▸ **ABOUT THIS TASK**
Within the records below, reproduce without change the lines from the line that has "Рис 19 Последовательность" through the line that has "後光下、クラッカー、風船、星、マルチ8", and only those.

▸ **PROVIDED RECORDS**
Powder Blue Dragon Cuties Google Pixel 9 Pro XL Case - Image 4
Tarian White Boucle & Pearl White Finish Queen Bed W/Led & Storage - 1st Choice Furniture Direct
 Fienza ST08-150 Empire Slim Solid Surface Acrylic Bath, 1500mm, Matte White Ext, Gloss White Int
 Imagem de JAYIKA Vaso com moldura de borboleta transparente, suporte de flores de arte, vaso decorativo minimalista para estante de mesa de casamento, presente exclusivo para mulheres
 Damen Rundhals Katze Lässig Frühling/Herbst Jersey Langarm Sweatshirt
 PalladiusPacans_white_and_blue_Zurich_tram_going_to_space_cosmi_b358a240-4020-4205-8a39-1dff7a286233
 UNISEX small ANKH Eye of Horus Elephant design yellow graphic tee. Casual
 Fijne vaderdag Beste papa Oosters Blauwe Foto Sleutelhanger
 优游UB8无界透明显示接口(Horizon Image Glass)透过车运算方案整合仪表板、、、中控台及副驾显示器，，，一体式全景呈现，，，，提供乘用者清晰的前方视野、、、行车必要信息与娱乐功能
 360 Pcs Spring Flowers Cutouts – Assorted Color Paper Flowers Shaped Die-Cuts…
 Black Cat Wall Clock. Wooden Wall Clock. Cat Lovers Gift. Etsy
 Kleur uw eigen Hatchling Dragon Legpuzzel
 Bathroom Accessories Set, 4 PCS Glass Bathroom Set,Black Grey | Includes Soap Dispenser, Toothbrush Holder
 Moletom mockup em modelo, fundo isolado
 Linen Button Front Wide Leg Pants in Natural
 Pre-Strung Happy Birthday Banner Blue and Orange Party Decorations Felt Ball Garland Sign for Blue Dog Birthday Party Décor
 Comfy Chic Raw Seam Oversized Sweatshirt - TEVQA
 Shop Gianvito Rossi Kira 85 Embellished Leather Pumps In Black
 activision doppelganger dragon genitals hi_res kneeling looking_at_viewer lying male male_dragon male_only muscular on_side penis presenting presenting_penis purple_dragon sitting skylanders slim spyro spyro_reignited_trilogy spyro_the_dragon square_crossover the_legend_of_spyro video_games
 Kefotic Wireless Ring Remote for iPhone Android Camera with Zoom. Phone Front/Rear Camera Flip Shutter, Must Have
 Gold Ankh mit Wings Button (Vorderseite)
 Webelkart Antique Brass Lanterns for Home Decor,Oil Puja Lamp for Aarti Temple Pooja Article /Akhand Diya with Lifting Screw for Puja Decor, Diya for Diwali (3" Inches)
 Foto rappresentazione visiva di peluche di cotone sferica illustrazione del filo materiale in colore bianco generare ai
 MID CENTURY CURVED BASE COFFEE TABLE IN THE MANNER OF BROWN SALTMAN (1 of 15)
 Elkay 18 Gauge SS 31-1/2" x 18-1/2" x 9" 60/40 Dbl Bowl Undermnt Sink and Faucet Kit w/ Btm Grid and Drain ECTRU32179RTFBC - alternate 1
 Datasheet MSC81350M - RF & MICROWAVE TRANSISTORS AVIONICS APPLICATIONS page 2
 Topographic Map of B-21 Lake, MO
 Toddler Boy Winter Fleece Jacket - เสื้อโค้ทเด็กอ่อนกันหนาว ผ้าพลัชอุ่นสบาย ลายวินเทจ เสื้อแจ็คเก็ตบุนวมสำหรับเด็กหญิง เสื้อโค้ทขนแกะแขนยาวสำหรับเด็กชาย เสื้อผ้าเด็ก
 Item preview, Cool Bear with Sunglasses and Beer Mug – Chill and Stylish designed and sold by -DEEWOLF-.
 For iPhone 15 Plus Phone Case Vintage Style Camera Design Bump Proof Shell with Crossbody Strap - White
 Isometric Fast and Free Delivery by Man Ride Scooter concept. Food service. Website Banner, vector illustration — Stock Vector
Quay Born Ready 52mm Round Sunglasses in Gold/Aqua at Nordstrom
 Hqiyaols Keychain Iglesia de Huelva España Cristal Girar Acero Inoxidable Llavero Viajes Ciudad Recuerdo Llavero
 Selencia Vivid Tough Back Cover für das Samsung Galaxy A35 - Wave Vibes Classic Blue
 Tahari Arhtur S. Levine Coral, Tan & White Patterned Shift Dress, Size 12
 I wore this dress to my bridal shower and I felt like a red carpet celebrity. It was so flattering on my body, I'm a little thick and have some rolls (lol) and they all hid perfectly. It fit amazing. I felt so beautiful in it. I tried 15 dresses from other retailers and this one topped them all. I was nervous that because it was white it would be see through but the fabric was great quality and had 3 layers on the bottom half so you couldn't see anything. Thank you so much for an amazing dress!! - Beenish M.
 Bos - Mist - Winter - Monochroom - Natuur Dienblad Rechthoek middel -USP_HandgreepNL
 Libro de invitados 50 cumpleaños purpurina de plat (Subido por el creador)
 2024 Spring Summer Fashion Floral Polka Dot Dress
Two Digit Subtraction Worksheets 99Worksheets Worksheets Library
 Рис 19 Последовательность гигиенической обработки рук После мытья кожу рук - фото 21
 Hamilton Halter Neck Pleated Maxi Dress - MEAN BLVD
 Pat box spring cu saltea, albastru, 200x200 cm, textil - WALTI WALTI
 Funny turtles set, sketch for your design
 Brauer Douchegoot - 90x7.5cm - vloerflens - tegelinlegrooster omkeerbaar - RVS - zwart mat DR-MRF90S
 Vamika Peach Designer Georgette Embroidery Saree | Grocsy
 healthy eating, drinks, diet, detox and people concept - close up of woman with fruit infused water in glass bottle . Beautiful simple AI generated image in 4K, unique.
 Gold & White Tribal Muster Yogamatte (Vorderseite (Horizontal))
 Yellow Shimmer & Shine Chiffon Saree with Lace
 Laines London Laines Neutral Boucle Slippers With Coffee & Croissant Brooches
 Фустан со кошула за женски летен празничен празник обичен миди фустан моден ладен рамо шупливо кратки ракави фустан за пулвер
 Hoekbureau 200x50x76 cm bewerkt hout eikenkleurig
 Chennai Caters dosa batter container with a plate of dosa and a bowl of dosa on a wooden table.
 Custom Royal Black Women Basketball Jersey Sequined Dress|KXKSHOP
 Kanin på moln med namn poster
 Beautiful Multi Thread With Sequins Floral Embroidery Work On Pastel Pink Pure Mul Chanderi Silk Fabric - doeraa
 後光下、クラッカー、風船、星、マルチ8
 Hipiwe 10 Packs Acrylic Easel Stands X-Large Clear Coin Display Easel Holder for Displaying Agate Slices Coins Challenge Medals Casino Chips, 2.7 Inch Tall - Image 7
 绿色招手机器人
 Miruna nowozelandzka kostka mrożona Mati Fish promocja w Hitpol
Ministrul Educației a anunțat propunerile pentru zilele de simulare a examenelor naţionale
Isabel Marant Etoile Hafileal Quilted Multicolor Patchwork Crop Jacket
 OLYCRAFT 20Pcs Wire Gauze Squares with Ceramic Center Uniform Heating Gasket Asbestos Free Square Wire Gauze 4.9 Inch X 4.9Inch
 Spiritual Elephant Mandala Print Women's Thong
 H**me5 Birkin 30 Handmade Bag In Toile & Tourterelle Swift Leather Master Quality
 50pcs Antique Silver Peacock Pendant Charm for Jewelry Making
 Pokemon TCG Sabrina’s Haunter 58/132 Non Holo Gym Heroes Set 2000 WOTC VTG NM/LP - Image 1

▸ **EXERCISE RESPONSE**
 Рис 19 Последовательность гигиенической обработки рук После мытья кожу рук - фото 21
 Hamilton Halter Neck Pleated Maxi Dress - MEAN BLVD
 Pat box spring cu saltea, albastru, 200x200 cm, textil - WALTI WALTI
 Funny turtles set, sketch for your design
 Brauer Douchegoot - 90x7.5cm - vloerflens - tegelinlegrooster omkeerbaar - RVS - zwart mat DR-MRF90S
 Vamika Peach Designer Georgette Embroidery Saree | Grocsy
 healthy eating, drinks, diet, detox and people concept - close up of woman with fruit infused water in glass bottle . Beautiful simple AI generated image in 4K, unique.
 Gold & White Tribal Muster Yogamatte (Vorderseite (Horizontal))
 Yellow Shimmer & Shine Chiffon Saree with Lace
 Laines London Laines Neutral Boucle Slippers With Coffee & Croissant Brooches
 Фустан со кошула за женски летен празничен празник обичен миди фустан моден ладен рамо шупливо кратки ракави фустан за пулвер
 Hoekbureau 200x50x76 cm bewerkt hout eikenkleurig
 Chennai Caters dosa batter container with a plate of dosa and a bowl of dosa on a wooden table.
 Custom Royal Black Women Basketball Jersey Sequined Dress|KXKSHOP
 Kanin på moln med namn poster
 Beautiful Multi Thread With Sequins Floral Embroidery Work On Pastel Pink Pure Mul Chanderi Silk Fabric - doeraa
 後光下、クラッカー、風船、星、マルチ8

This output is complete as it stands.